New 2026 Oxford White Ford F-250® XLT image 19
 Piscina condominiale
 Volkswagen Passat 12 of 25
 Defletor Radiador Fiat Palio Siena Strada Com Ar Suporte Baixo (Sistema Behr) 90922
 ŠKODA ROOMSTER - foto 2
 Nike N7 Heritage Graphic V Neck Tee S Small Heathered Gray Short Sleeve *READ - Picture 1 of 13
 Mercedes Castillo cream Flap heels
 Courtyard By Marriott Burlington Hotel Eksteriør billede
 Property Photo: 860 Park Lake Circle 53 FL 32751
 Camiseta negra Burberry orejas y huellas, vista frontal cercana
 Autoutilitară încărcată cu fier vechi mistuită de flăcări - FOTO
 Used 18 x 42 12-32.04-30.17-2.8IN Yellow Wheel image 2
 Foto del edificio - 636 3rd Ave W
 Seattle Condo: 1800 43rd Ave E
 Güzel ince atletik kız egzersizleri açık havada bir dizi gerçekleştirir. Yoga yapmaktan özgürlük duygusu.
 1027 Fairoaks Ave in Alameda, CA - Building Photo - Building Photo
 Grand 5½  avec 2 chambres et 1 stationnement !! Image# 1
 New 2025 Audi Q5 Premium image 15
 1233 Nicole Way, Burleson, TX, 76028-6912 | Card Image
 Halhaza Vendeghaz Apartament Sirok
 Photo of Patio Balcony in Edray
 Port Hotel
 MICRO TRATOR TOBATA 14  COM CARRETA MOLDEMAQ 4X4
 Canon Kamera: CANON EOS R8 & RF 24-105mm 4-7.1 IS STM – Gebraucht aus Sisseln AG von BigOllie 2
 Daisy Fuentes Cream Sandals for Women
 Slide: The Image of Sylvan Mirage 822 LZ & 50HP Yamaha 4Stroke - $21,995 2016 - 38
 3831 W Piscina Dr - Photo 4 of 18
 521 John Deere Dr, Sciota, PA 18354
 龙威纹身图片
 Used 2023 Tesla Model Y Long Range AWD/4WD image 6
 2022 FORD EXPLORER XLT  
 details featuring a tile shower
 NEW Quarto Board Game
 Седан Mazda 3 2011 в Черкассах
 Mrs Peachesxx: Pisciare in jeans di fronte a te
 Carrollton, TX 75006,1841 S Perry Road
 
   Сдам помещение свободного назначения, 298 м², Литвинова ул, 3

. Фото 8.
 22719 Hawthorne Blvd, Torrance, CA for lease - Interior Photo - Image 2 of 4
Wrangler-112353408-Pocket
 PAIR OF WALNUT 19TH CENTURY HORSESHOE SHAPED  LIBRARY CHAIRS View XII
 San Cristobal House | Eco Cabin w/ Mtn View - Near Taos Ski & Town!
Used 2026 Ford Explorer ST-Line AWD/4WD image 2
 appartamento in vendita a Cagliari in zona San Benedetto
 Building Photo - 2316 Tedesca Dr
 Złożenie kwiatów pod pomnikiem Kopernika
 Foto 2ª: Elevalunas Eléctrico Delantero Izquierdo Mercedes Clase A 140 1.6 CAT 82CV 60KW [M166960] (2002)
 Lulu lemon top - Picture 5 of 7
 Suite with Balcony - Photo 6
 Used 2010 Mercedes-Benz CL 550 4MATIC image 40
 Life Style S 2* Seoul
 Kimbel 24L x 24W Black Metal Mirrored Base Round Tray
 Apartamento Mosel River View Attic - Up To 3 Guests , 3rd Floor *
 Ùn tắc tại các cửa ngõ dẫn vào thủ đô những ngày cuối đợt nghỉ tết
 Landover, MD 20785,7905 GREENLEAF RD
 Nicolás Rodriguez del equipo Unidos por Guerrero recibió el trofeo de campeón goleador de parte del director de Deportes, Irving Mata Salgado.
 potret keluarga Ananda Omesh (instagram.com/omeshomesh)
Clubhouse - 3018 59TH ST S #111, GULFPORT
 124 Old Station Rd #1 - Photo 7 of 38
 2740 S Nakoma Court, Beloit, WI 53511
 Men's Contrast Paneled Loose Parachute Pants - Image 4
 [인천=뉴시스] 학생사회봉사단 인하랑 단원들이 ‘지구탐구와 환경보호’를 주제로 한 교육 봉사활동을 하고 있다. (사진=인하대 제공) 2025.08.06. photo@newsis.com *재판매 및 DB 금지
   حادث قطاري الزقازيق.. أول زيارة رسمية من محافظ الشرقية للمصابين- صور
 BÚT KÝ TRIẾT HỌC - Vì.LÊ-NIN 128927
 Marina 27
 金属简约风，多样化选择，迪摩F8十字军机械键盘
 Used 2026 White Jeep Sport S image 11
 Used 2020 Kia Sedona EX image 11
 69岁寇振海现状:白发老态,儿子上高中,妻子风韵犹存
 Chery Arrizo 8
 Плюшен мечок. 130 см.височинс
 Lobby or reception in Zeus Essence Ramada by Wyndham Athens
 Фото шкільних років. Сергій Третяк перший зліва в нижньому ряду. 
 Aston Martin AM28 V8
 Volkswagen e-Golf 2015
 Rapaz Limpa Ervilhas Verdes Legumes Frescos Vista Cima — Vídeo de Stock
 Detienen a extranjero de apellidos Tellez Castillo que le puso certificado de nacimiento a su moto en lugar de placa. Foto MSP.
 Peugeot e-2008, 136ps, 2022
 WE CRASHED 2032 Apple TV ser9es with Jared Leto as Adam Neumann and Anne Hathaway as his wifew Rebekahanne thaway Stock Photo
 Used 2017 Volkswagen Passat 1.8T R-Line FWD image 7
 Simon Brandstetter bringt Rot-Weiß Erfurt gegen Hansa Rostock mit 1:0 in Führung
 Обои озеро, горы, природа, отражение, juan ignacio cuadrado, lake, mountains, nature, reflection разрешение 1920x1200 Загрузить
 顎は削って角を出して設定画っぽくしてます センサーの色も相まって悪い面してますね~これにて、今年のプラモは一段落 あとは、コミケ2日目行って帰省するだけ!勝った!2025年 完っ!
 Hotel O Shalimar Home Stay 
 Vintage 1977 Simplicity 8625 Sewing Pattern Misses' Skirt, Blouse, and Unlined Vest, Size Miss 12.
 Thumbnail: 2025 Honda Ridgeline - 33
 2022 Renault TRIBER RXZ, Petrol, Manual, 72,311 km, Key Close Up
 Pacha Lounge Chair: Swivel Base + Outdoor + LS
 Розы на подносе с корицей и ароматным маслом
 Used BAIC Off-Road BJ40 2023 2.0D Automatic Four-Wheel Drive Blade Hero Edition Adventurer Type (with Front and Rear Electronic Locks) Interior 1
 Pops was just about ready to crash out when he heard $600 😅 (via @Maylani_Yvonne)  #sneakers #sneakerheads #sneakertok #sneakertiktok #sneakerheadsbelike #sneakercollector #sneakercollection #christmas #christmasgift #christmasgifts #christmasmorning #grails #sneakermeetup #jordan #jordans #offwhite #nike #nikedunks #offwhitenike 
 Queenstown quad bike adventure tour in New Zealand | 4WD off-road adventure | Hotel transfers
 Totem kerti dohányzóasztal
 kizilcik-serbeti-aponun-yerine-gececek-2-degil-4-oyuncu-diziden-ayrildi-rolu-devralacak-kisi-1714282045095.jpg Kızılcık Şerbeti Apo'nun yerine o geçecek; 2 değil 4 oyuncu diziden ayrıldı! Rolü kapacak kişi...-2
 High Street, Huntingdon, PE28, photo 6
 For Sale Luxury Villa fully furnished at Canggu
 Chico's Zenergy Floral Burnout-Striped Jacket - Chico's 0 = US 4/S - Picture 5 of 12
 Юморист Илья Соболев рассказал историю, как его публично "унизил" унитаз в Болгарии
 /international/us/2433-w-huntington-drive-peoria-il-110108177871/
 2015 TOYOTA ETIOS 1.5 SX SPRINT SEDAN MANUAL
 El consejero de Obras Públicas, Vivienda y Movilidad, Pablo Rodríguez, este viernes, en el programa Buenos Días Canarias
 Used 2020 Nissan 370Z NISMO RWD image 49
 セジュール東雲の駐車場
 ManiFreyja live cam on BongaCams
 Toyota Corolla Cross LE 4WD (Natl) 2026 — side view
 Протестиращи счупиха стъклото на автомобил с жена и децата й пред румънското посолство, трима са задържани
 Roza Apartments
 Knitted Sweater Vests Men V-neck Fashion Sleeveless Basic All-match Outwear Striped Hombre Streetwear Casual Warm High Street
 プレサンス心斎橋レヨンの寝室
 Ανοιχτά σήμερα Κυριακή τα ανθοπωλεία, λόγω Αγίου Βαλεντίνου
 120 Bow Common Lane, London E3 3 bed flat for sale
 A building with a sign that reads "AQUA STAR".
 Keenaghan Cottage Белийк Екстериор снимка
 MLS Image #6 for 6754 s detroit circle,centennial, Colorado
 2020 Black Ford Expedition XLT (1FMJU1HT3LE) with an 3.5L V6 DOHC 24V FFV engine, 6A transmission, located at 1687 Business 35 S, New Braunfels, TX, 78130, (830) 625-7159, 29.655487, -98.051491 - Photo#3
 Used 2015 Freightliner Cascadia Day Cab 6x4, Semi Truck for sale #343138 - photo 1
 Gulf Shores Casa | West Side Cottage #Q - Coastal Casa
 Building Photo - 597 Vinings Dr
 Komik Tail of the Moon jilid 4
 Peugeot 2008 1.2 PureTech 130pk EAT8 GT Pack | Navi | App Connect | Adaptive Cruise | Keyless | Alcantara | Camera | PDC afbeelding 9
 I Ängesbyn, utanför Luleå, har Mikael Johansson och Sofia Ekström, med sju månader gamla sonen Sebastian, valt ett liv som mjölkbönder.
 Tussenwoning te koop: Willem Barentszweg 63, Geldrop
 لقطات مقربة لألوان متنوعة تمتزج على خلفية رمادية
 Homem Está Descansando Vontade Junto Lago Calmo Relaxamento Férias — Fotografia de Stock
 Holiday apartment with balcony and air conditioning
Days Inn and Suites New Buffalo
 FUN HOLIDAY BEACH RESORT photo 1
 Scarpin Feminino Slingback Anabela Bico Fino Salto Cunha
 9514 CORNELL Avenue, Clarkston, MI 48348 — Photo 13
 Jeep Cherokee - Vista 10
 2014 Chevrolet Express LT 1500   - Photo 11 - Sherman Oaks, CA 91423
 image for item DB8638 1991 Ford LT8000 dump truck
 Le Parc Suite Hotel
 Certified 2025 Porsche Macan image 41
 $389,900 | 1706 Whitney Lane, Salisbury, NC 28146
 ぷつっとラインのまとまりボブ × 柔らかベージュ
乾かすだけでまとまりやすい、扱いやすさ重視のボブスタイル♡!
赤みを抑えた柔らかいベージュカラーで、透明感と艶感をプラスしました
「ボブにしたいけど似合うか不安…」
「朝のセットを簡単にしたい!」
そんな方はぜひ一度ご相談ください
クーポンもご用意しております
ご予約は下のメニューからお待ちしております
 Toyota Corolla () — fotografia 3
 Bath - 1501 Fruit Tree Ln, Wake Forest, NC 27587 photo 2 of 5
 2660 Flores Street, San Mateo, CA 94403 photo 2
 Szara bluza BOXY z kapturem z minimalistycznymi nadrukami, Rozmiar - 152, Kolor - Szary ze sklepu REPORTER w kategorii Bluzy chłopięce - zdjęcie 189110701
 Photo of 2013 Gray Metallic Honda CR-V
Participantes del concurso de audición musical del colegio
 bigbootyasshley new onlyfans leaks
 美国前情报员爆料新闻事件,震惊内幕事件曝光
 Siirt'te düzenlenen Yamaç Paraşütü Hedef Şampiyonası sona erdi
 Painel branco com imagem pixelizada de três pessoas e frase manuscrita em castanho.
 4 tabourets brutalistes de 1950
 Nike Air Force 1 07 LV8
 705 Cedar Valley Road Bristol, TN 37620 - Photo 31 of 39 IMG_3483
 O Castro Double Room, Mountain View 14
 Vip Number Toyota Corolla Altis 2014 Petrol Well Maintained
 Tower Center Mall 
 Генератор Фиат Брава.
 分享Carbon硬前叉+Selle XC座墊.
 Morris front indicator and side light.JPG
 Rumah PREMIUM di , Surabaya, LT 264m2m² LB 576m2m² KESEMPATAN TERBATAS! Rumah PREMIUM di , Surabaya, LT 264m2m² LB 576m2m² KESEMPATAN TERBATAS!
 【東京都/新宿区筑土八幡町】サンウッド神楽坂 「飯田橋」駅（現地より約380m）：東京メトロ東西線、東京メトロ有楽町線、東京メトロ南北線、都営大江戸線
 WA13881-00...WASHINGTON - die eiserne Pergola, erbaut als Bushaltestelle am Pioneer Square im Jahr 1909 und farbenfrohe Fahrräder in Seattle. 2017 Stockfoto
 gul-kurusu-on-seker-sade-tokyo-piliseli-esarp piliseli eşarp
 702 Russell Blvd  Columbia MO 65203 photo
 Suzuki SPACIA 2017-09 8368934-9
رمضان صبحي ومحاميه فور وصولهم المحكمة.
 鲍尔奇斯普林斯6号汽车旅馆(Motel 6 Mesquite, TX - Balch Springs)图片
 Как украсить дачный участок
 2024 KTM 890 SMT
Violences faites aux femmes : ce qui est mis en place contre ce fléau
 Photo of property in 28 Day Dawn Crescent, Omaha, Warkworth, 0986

= = =

→ **WORK REQUEST**
Out of the material above, output word for word the line with "Foto del edificio - 636 3rd Ave W", the line with "New 2025 Audi Q5 Premium image 15", and all lines between them, with nothing else.

→ **RESULT BELOW**
 Foto del edificio - 636 3rd Ave W
 Seattle Condo: 1800 43rd Ave E
 Güzel ince atletik kız egzersizleri açık havada bir dizi gerçekleştirir. Yoga yapmaktan özgürlük duygusu.
 1027 Fairoaks Ave in Alameda, CA - Building Photo - Building Photo
 Grand 5½  avec 2 chambres et 1 stationnement !! Image# 1
 New 2025 Audi Q5 Premium image 15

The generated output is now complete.